That certainly helps, yes, and I think many nodes do something akin to this already, but I'm not sure we can say that the problem has been fixed if the victim has to spend way more than the prevailing mempool fees (and potentially burn a large % of their HTLC value) :).

Matt

On 10/19/23 12:23 PM, Matt Morehouse wrote:
On Wed, Oct 18, 2023 at 12:34 AM Matt Corallo via bitcoin-dev
<bitcoin-...@lists.linuxfoundation.org> wrote:

There appears to be some confusion about this issue and the mitigations. To be 
clear, the deployed
mitigations are not expected to fix this issue, its arguable if they provide 
anything more than a PR
statement.

There are two discussed mitigations here - mempool scanning and transaction 
re-signing/re-broadcasting.

Mempool scanning relies on regularly checking the mempool of a local node to 
see if we can catch the
replacement cycle mid-cycle. It only works if wee see the first transaction 
before the second
transaction replaces it.

Today, a large majority of lightning nodes run on machines with a Bitcoin node 
on the same IP
address, making it very clear what the "local node" of the lightning node is. 
An attacker can
trivially use this information to connect to said local node and do the 
replacement quickly,
preventing the victim from seeing the replacement.

More generally, however, similar discoverability is true for mining pools. An 
attacker performing
this attack is likely to do the replacement attack on a miner's node directly, 
potentially reducing
the reach of the intermediate transaction to only miners, such that the victim 
can never discover it
at all.

The second mitigation is similarly pathetic. Re-signing and re-broadcasting the 
victim's transaction
in an attempt to get it to miners even if its been removed may work, if the 
attacker is super lazy
and didn't finish writing their attack system. If the attacker is connected to 
a large majority of
hashrate (which has historically been fairly doable), they can simply do their 
replacement in a
cycle aggressively and arbitrarily reduce the probability that the victim's 
transaction gets confirmed.

What if the honest node aggressively fee-bumps and retransmits the
HTLC-timeout as the CLTV delta deadline approaches, as suggested by
Ziggie?  Say, within 10 blocks of the deadline, the honest node starts
increasing the fee by 1/10th the HTLC value for each non-confirmation.
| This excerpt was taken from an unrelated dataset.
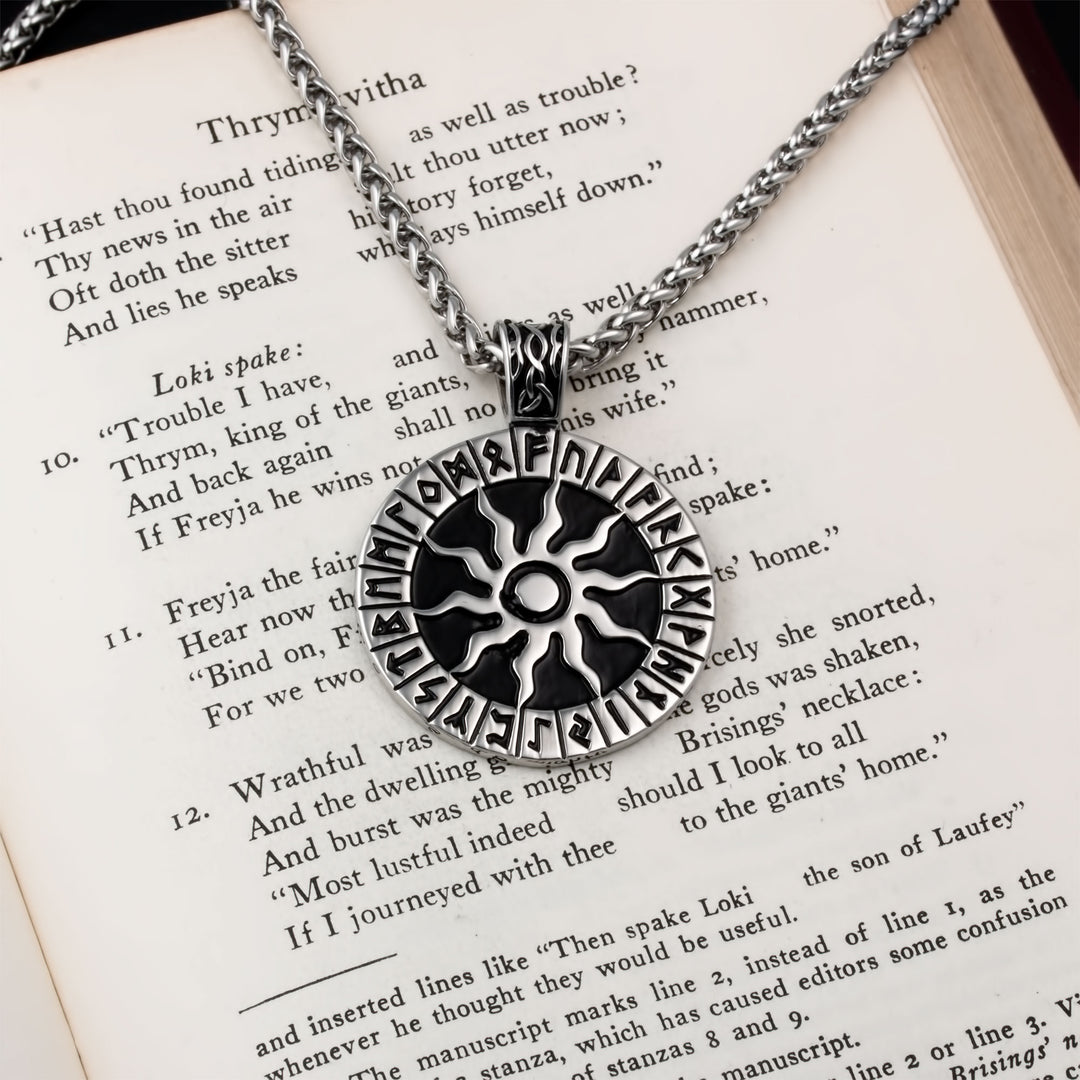 Sun Rune Pendant Necklace Stainless Steel Viking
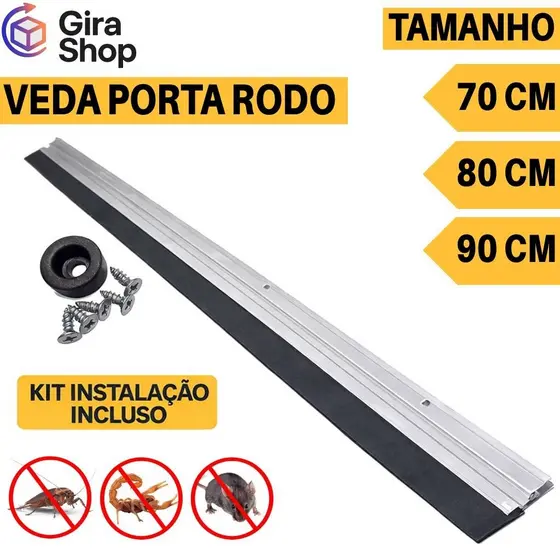Veda Porta Alumínio Reforçado EVA Rodo 70 80 90 100 cm Anti Poeira Insetos Ruído Vedação Isolante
This "scorched earth" approach may cost the honest node considerable
fees, but it will cost the attacker even more, since each attacker
replacement needs to burn at least as much as the HTLC-timeout fees,
and the attacker will need to do a replacement every time the honest
node fee bumps.

I think this fee-bumping policy will provide sufficient defense even
if the attacker is replacement-cycling directly in miners' mempools
and the victim has no visibility into the attack.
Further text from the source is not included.